Figuras 8 e 9 – Planta do Forte de S. João Baptista de Ajudá, em 15 de Agosto de 1759, desenhado por José A. Caldas, e a visão actual do interior do mesmo forte, onde existe um museu histórico.
E a terminar a sua opinião pessoal sobre as ilhas: “O país é nefando e a sua intempérie de tal forma má, que não só os estrangeiros mais ainda os naturais, padecem de violentas febres a que dão o nome de carneirada, que as mais das vezes inutilizando os remédios, matam ao quarto dia”.
Nesta missão José Caldas executou levantamentos, plantas e projectos nas ilhas de S. Tomé e Príncipe alguns dos quais são a seguir apresentados:
Figura 10 – Planta topográfica da cidade de S. António de Príncipe. Desenho de José A. Caldas
Referindo-se a Ajudá, Caldas escreveu também:
“Este porto de Ajudá he avultado em negócio de escravos e mais frequentado de todas as nasoes (nações) que navegam para aquela costa. Nele há três fortalezas, a saber inglesa, francesa e portuguesa distantes da praia hua (uma) légua e por esta razão sujeitas aos insultos do rei de Homé. Corre a costa a lesnordeste surgese no dito porto em nove brazas, fundo de lama.”
Figura 11 – Perspectiva (Elevação e fachada) da Cidade de S. António de Príncipe, desenhada já na Bahia, por José A. Caldas, em 1757. Ao centro o Pico do Papagaio
Em 1816, Cunha Matos[7] refere que as fortalezas que defendem S. António do Príncipe eram: Fortaleza da Ponta da Mina, com vinte e nove peças; o Forte de Santa Ana, na outra entrada da baía; e o Forte de S. João, já dentro do porto. Quanto à fortaleza que Caldas ia projectar ou mandar construir na ilha de Príncipe, em 1756, para a defesa desta ilha, temos as nossas dúvidas a que fortaleza se referia, porquanto, desde 1695, que foi deslocada de Lisboa uma companhia de infantaria para guardar a Fortaleza da Ponta da Mina, a qual parece já existir, em 1626 (Labat), no reinado de Filipe III. Entre 1706 e 1709, a ilha sofreu vários ataques de piratas franceses que sempre destruíam as fortalezas existentes.

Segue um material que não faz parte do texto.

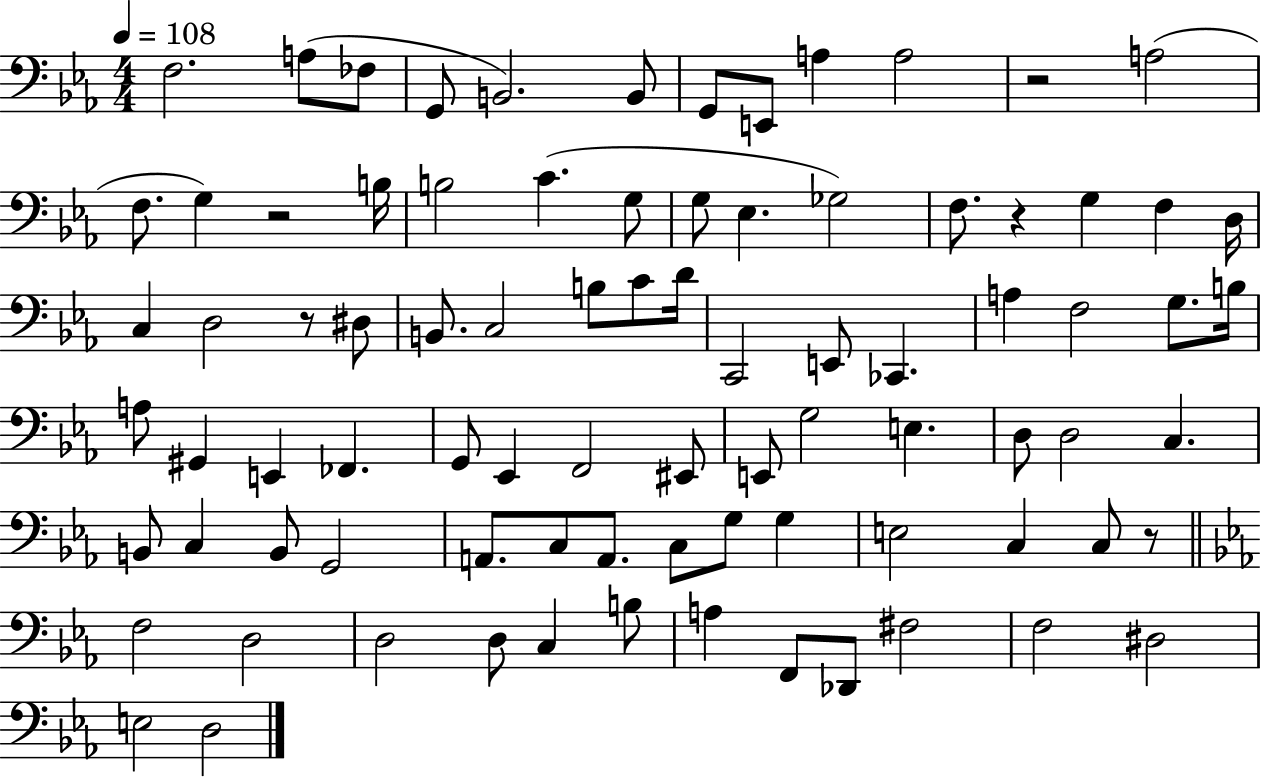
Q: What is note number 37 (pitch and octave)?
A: F3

Figura 12 – O Pico do Papagaio em foto recente, tirada no interior do porto de S. António, na Ilha de Príncipe
Figura 13 – A Fortaleza no seu conjunto
Nesta primeira planta (Figura 13), pode ver-se a Fortaleza da Ponta da Mina no seu conjunto, aproximadamente virada a Norte, com uma Bateria redonda, a Real, e a rectangular à sua esquerda, a chamada de Príncipe, ligadas por caminho entrincheirado em ziguezague, que na altura da execução desta planta seguia até ao nível do mar.
A Fortaleza mais importante era, sem dúvida, a da Ponta da Mina, a qual constava de dois pontos fortes:
A Bateria Real, em posição superior, apresentando a parte convexa de um parapeito circular de alvenaria, onde se acham assentadas dezasseis peças de artilharia de calibre 3 a 14. A Sul desta Bateria, encontrava-se um paiol numa espécie de moinho.
A Bateria do Príncipe é um rectângulo de pedra e cal, junto da Real e a oeste da mesma, e tem assentadas oito peças.
Figura 14 – A Bateria Real Figura 15 – Ruínas da Porta de Armas da Fortaleza
No perfil acima, feito por Cunha Matos, nota-se a diferença de cotas das duas posições, pois a Bateria Real está 150 metros acima do nível do mar, e a de Príncipe só a 60 metros da linha de água. Em resumo, desconhece-se qual das fortalezas foi modificada e se o foi.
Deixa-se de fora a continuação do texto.